Needless to mention how my brother was spoilt in those months. According to my mother's narrations the train ride from the border back to the Ruhr area must have been dreadful because my brother cried for his grannie, for sweets, for his uncles – but he did not want to be with his own mother.
A couple of days after his arrival we had visitors from the local press and a photo of the happily reunited family had been printed in the papers.
It's hard to describe what happened in those days shortly after his arrival und whenever we think of these times we have to laugh a lot. My brother wanted to eat only sweets and therefore, he ate whipped sweet cream, chocolate and candies. All efforts to feed him with „normal“ food ended in tears, screaming attacks and fits of rage.

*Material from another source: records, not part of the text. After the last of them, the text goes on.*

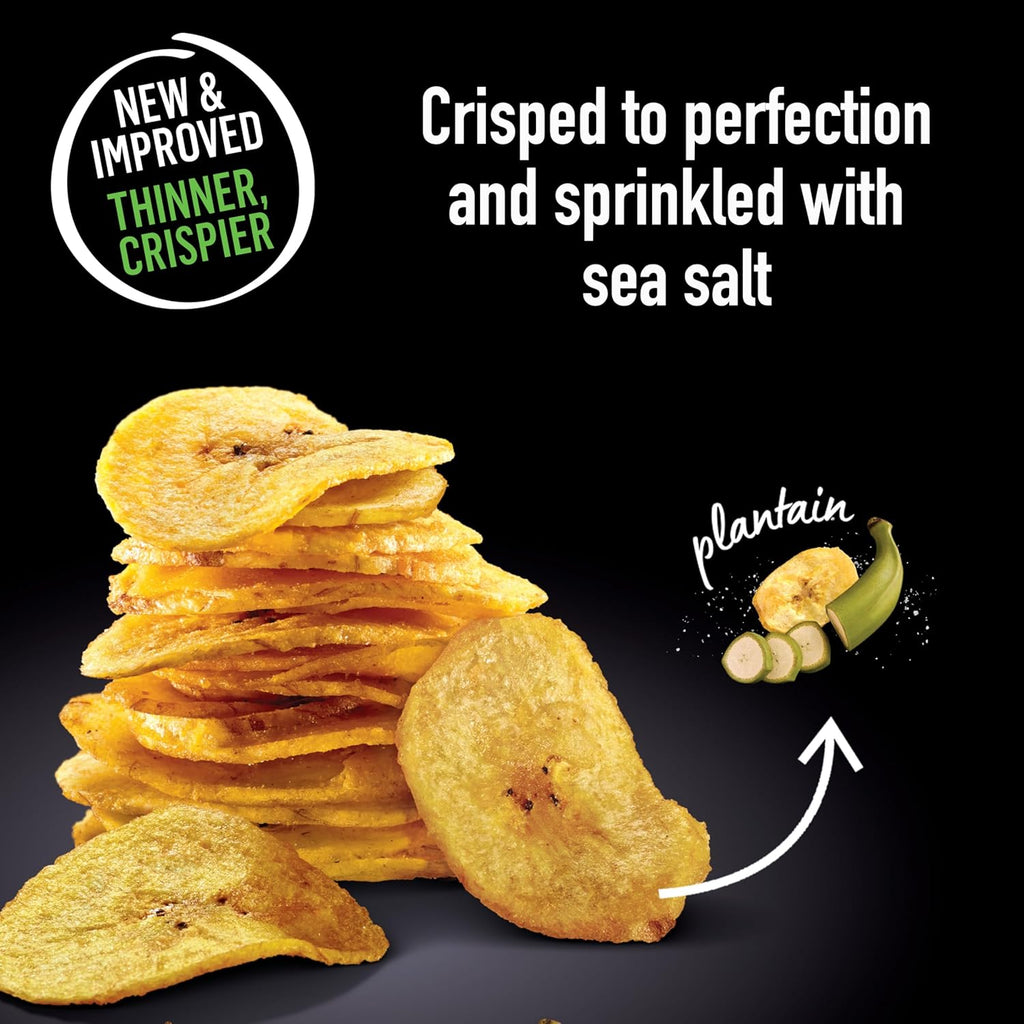 Terra Plantains Chips - Sea Salt - 12 x 5 oz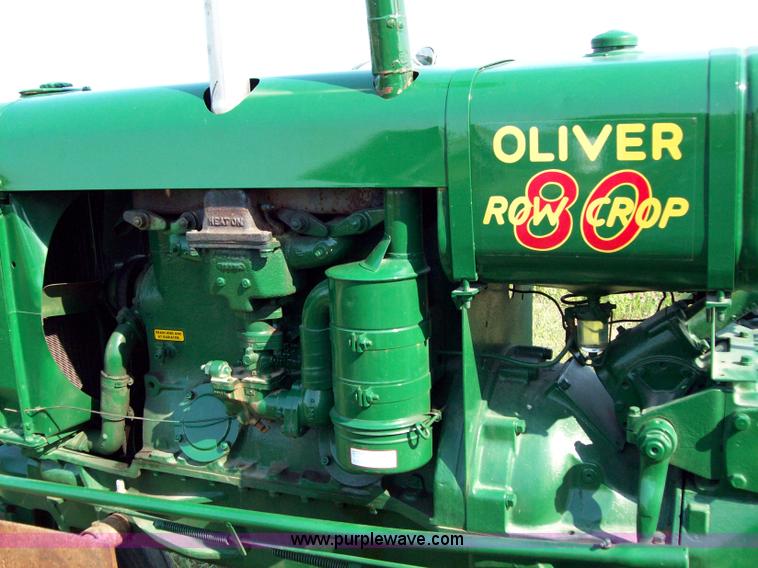 image for item B2772 1940 Oliver Model 80 row crop tractor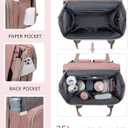 Houscly Diaper Bag Backpack with Changing Station: Pink Baby Bags for Girls Boys New Mom Gifts Paaleras Para Bebe Baby Girl Newborn Essentials Must Haves Baby Shower Gifts Baby Registry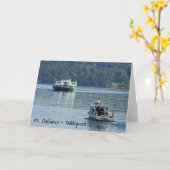 Pt Defiance Ferry Blank Kaart (Gele Bloem)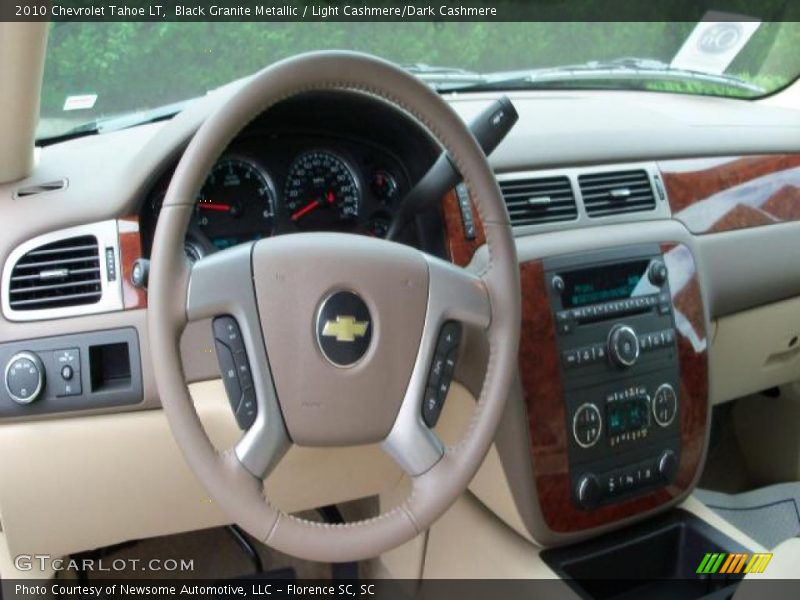 Black Granite Metallic / Light Cashmere/Dark Cashmere 2010 Chevrolet Tahoe LT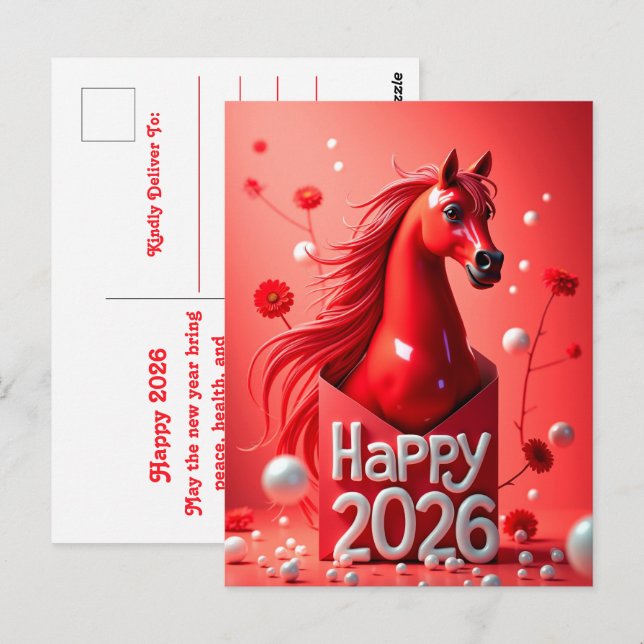 Year of the Horse 2026 Postcard (Front/Back)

We already lived in Castrop-Rauxel at that time. We had left the town of Nürnberg quite quickly, had been moved to a similar facility in the Ruhr area and finally moved into one large room in a house in Castrop-Rauxel. A couple of months later we moved to Dortmund, into the very first own flat in Germany.
In those weeks and months we have met other Czech families or persons and my parents still know some of them today. But one event was unbearable for me: the departure of my father's brother and his family to the USA. Again, I lost family members and it affected me badly. They were our allies, our confidants and my three cousins and I were nearly inseparable in those days.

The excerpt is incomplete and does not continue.